Nice point  I want to know that too (Damn Ex... hahaha)
d44ve, you're a f@cking genius! \o/


----------



## d44ve (Jun 8, 2007)

Zeratul_uy said:


> Nice point  I want to know that too (Damn Ex... hahaha)
> d44ve, you're a f@cking genius! \o/




LOL thanks!

I am still working on the answer for that. I have been so busy I just havent had a chance to sit down and think. Its hard enough for me as it is


----------



## strick94u (Jun 8, 2007)

Wow I don't trust those crome screw claps go get a clamp for fuel injection it might cost a dollar but it will clamp round ,not that I have any water cooling experiancen just 27 years in Automotive and seen those things leak under 4 psi.

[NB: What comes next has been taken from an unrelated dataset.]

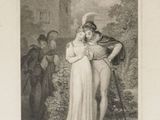 a drawing of a man and a woman standing in front of a building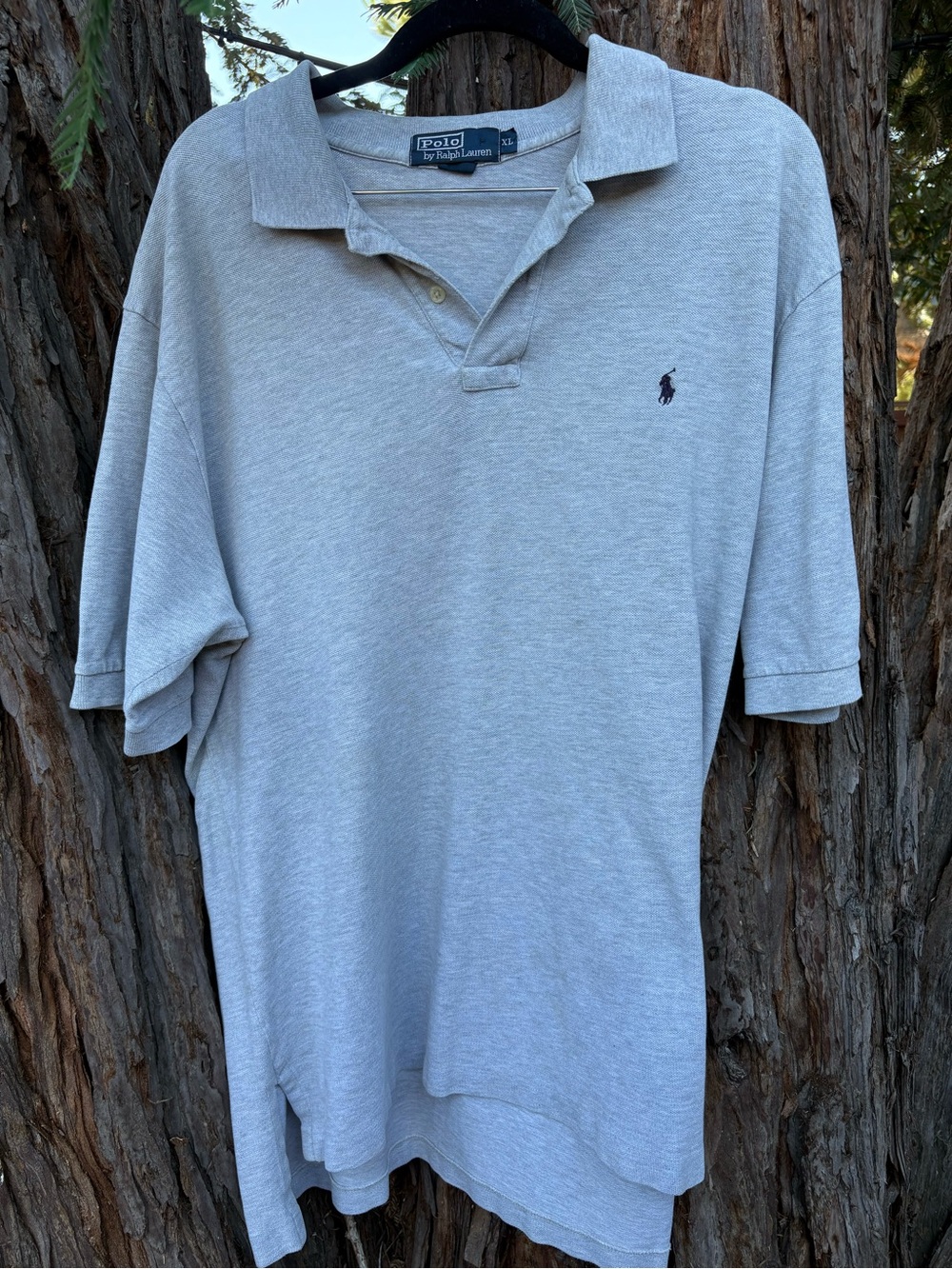 Vintage Polo Ralph Lauren Gray Polo Shirt XL Oversized Preppy Cotton Pony Logo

Just a thought


----------



## d44ve (Jun 8, 2007)

strick94u said:


> Wow I don't trust those crome screw claps go get a clamp for fuel injection it might cost a dollar but it will clamp round ,not that I have any water cooling experiancen just 27 years in Automotive and seen those things leak under 4 psi. Just a thought



I was a mechanic for 6 years (I know not near 27) and I havent had a problem them.

I would think that with a FI system @ 4psi.... I would be more worried about the 4psi, not the clamp.  j/k

Also, that was the only clamp I had around... you can see the other ones are the plastic kind, of which I trust less. 

I personally like these clamps


----------



## Wile E (Jun 9, 2007)

Heh funny, I was a mechanic, too. lol


----------



## Zeratul_uy (Jun 9, 2007)

d44ve said:


> LOL thanks!
> 
> I am still working on the answer for that. I have been so busy I just havent had a chance to sit down and think. Its hard enough for me as it is




Sit and think!! hahaha


----------



## d44ve (Jun 10, 2007)

Just so I dont leave you hanging, here are some quick graphs of tests done by swiftech and other companies


----------



## strick94u (Jun 14, 2007)

d44ve said:


> I was a mechanic for 6 years (I know not near 27) and I havent had a problem them.
> 
> I would think that with a FI system @ 4psi.... I would be more worried about the 4psi, not the clamp.  j/k
> 
> ...



Yes those are the best, They clamp round. I would like to try water I also would like to try the new regulated tec units or a tec/water hybrid who knows


----------



## d44ve (Jun 14, 2007)

I just sold my tec\water hybrid (Cool It Eliminator)


----------